◆ REQUIREMENT ◆
Look through the entries below for the line that contains "SXK Mosquito net", then set down that line and each one after it exactly, through the last.

* * *

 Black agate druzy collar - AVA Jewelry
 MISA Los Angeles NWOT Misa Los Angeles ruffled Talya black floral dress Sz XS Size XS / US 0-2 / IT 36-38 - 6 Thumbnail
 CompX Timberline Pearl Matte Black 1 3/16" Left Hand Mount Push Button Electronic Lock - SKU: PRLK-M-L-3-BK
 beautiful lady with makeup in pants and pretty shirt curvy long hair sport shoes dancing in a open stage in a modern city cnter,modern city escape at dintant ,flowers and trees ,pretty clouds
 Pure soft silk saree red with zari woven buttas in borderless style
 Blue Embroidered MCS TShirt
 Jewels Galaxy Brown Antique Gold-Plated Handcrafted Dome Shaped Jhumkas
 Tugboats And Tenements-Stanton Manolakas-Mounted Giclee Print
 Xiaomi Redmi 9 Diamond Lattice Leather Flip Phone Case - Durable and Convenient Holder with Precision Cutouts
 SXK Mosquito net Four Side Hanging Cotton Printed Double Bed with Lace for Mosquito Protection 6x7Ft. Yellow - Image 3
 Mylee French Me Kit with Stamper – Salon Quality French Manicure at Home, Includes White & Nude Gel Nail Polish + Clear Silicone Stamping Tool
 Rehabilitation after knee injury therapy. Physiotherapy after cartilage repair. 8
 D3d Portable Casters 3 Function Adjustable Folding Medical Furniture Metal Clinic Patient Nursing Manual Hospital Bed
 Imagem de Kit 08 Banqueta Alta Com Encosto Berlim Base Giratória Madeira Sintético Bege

* * *

◆ OUTPUT FOR THIS TASK ◆
 SXK Mosquito net Four Side Hanging Cotton Printed Double Bed with Lace for Mosquito Protection 6x7Ft. Yellow - Image 3
 Mylee French Me Kit with Stamper – Salon Quality French Manicure at Home, Includes White & Nude Gel Nail Polish + Clear Silicone Stamping Tool
 Rehabilitation after knee injury therapy. Physiotherapy after cartilage repair. 8
 D3d Portable Casters 3 Function Adjustable Folding Medical Furniture Metal Clinic Patient Nursing Manual Hospital Bed
 Imagem de Kit 08 Banqueta Alta Com Encosto Berlim Base Giratória Madeira Sintético Bege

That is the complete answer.